If you were to instead use 4E Essentials... where the powers are all written out in lines with headers and things like your standard 5E class features are... whether that appearance of class abilities would be more tolerable and not cause a reflexive "do not want!" in your players? Basically keep everything in the 4E game pretty much the same... but just make the text LOOK like 3E or 5E in terms of presentation. That might very well be all you need to get your players to think of the game as nothing more than a highly houseruled version of 3E/5E.

(And if you can, just tell them that in this house-ruled version of the game their "Proficiency Bonus" is half their class level rather than the standard +2 to +6... and if you end up re-typing stuff out anyway, just replace every use of the phrase "Healing Surge" with the term "Hit Dice". Basically just couch many 4E-isms with 5E terminology.

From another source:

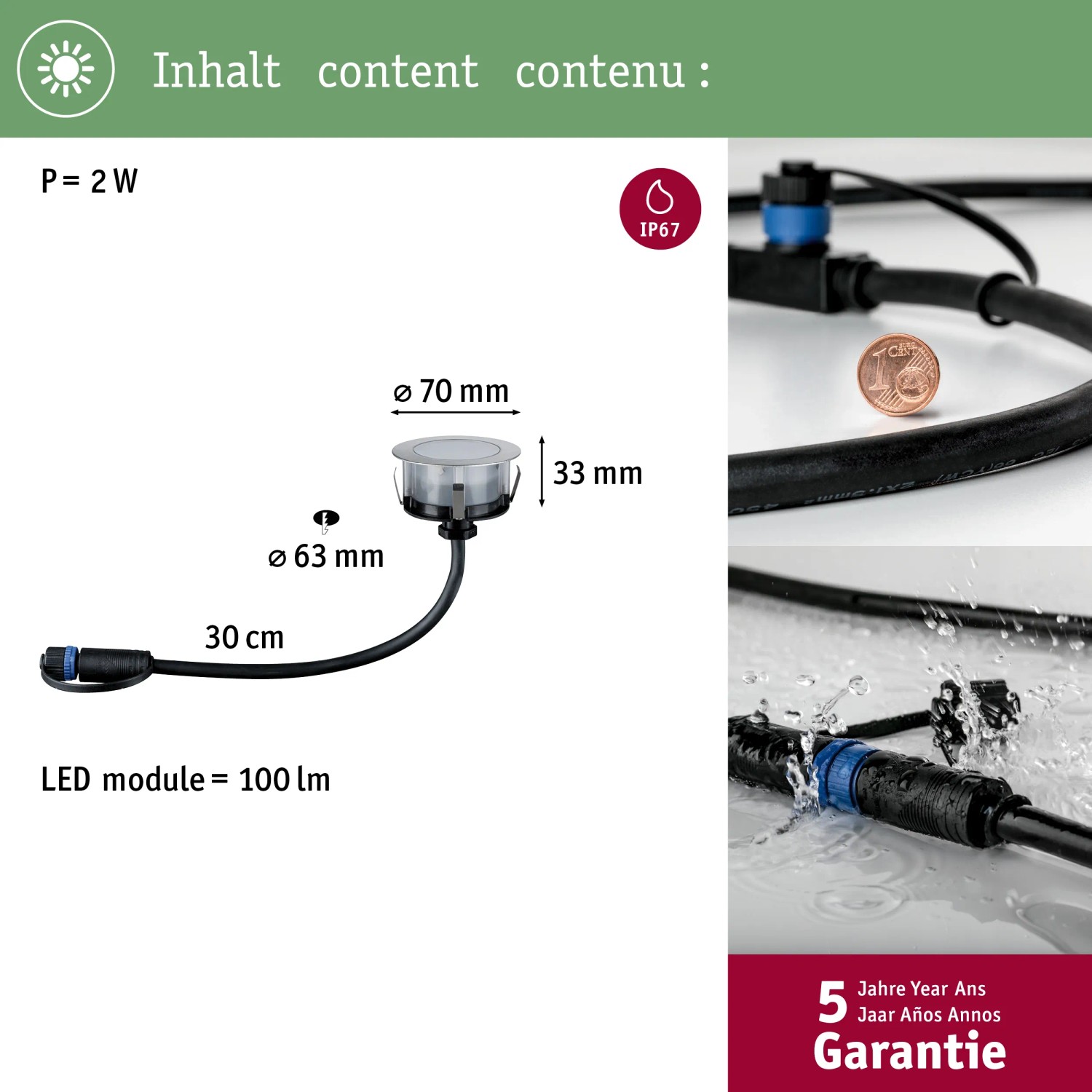 Paulmann LED-Bodeneinbauleuchte Plug & Shine RGBW, 2W, IP67. Außenbeleuchtung für Garten & Terrasse.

That'll perhaps make things even more palatable for them, even if the game works exactly the same as 4E does.)
 

Don't lie about what you're playing.

But if you want the closest to 4E that 5E can get, use the following:
  • Level Up Adventurer's Guide
  • Tome of Heroes (Kobold Press)
  • Flee Mortals
  • 4E DMG 1 and DMG 2 (primarily for Skill Challenge ideas and terrain effects)
  • Make up magic items as-needed, using 4E items for inspiration but 5E for mechanics (i.e. advantage instead of bonuses, etc.)
  • A battle map or VTT
As the DM, you could honestly get away with ignoring/not caring about what the players use for their races/classes, but I still recommend making it clear Tome of Heroes is in play, because that gives you some great equipment and most importantly weapon maneuvers.

Finally, run characters from about levels 3 or 5 to about 10 or 12, and then just give them some means of picking up higher level class abilities via some in-world mechanism of advancement, or via magic items, or some other means other than leveling up. After about 12 (maybe 15 tops), additional hit points and ability score bumps and all of that are just pointless other than for bloat, and by being able to curate what higher-level stuff they can access, you and they can have a little more opportunity for customization without having to go all-in on all the high-level spells and abilities that are just bloated and complex.

In other words, after about level 12, you and they have a conversation about what other stuff they get (and how they get it), rather than following the linear level progression and getting the exact abilities they would pick up past those levels.